Message Boards Message Boards

0
|
10852 Views
|
20 Replies
|
14 Total Likes
View groups...
Share
Share this post:

Modify a list-element in place?

Anonymous User
Anonymous User
Posted 7 years ago

This works:

In[1]:= testList = {1, 2, 3};

In[2]:= testList[[2]] += 7;

In[3]:= testList

Out[3]= {1, 9, 3}

I want to generalize it like this (this is not what Mathematica actually does, but it shows the results I want to accomplish somehow):

In[4]:= add7To2ndElement[list_] := list[[2]] += 7

In[5]:= Module[
 {list = {1, 2, 3}},
 add7To2ndElement[list];
 list
 ]

Out[5]= {1, 9, 3}

This is what Mathematica actually does, instead of what I'm trying to accomplish:

In[4]:= add7To2ndElement[list_] := list[[2]] += 7

In[5]:= Module[
 {list = {1, 2, 3}},
 add7To2ndElement[list];
 list
 ]

During evaluation of In[5]:= Set::setps: {1,2,3} in the part assignment is not a symbol.

Out[5]= {1, 2, 3}

How can I rewrite my code so that it alters the list-element in place? The actual list I'm working on is large, and I have to modify its elements a large number of times, so for efficiency's sake, I need to avoid methods that make a fully copy of the list each time I modify an element.
POSTED BY: Anonymous User
20 Replies
Sort By:
Hans Milton
Hans Milton
Posted 7 years ago

Joe, could you use the very simple approach shown below?
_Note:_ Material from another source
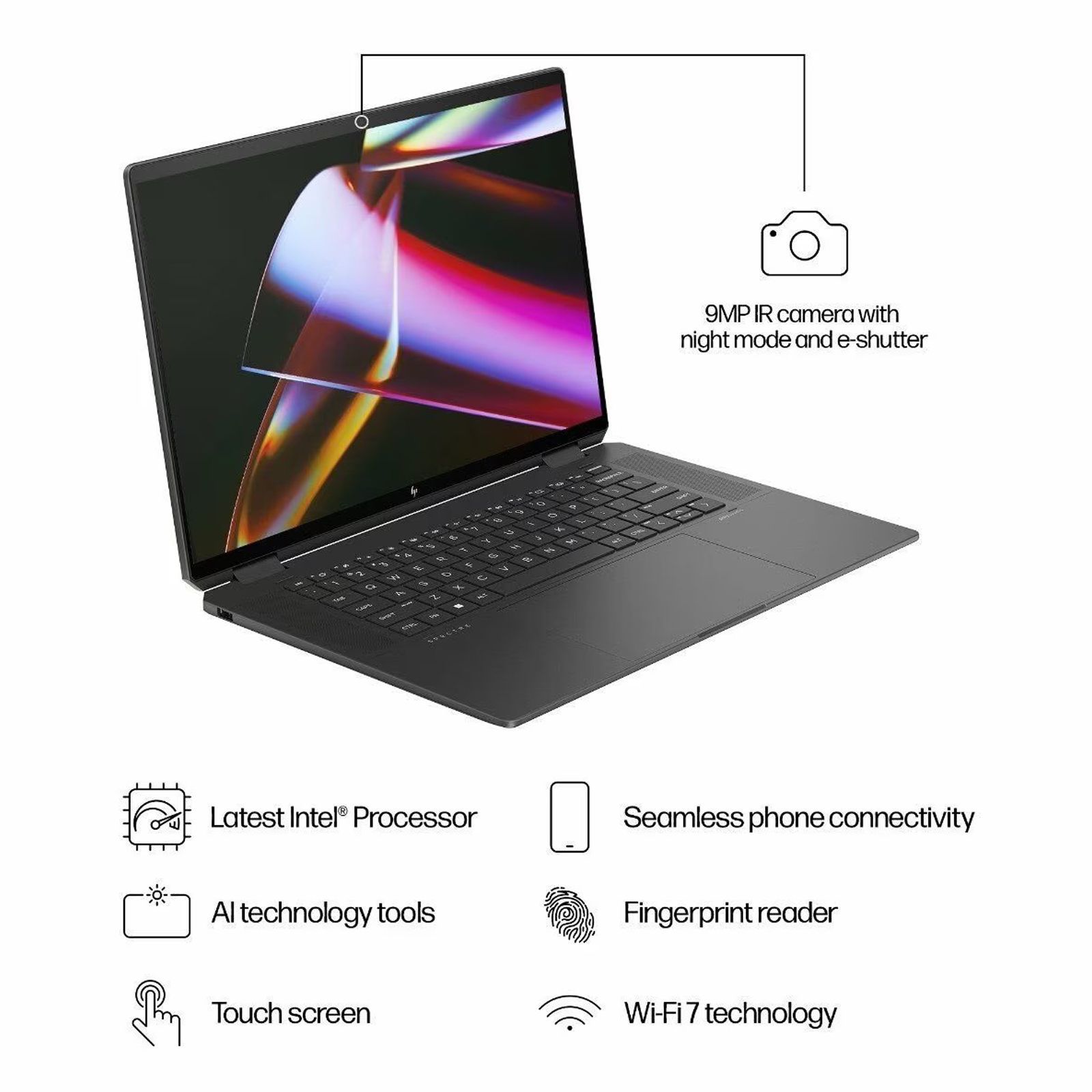 HP Spectre 16 x360 16 aa0664TX Intel Core Ultra 7 Touchscreen 2-in-1 Laptop (32GB, 1TB SSD, Windows 11 Home, 6GB Graphics, 16 inch OLED Display, Space Blue Aluminum, 1.95 KG)_18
In[1]:= array = Table[i, {i, 960000}];

In[2]:= Take[array, {425, 429}]

Out[2]= {425, 426, 427, 428, 429}

In[3]:= array[[427]] = x

Out[3]= x

In[4]:= Take[array, {425, 429}]

Out[4]= {425, 426, x, 428, 429}
POSTED BY: Hans Milton
Anonymous User
Anonymous User
Posted 7 years ago

Thanks, Hans. There may (or not) be a way to accomplish what I want in Mathematica, but it would have required me to saturate my code with "SetAttributes[*,HoldFirst"] statements---which makes source-code unwieldy---and it would have required me to rearrange all my existing function-definitions and function-calls so that large arrays were passed as the first parameter. And then later, if I wanted to pass a 2nd large array as a 2nd parameter, I would have had to make major adjustments to get it to Hold the 2nd parameter in addition to the 1st. That's inconsistent with my goal of working efficiently, so I'm not using Mathematica for this job anymore.
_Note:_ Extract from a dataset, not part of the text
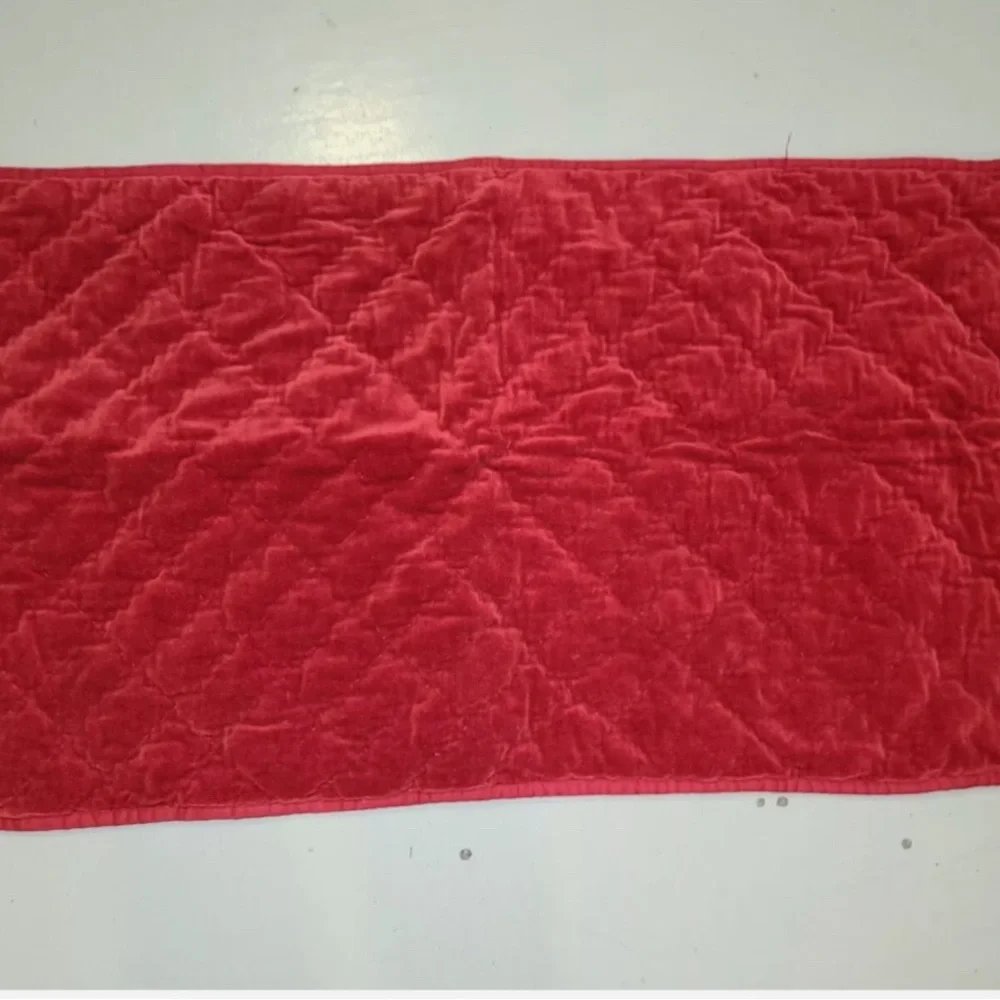 Crate & Barrel Red Velvet Pick Stitch King Shams -2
I'd continually be running into undocumented surprises like this. Surprises aren't necessary, as the language-specs for C and Common Lisp are thorough. So far Python has not surprised me or required me to run experiments in order to figure out how to use it.

And bugs that go unacknowledged by Wolfram: here. (No, I'm not going to email them about; that would be above my pay-grade.)

Mathematica will be the best tool when I'm doing high-level math, but I don't think it's the best tool for this low-level data-processing I'm working on currently.
POSTED BY: Anonymous User
Anonymous User
Anonymous User
Posted 7 years ago

In less time than it took me to figure out that render[] (in addition to AddX[]) needs a HoldFirst, I installed Python, learned Python, and finished my program in Python.

In[1]:= SetAttributes[addX, HoldFirst]

In[2]:= addX[monoBuffer_] := monoBuffer[[2]] += x

In[3]:= (*With[{monoBuffer=Range[5]},addX[monoBuffer];monoBuffer]*)

In[4]:= Module[{monoBuffer = Range[5]}, addX[monoBuffer]; monoBuffer]

Out[4]= {1, 2 + x, 3, 4, 5}

In[5]:= render[monoBuffer_] := addX[monoBuffer]

In[6]:= Module[{monoBuffer = Range[5]}, render[monoBuffer]]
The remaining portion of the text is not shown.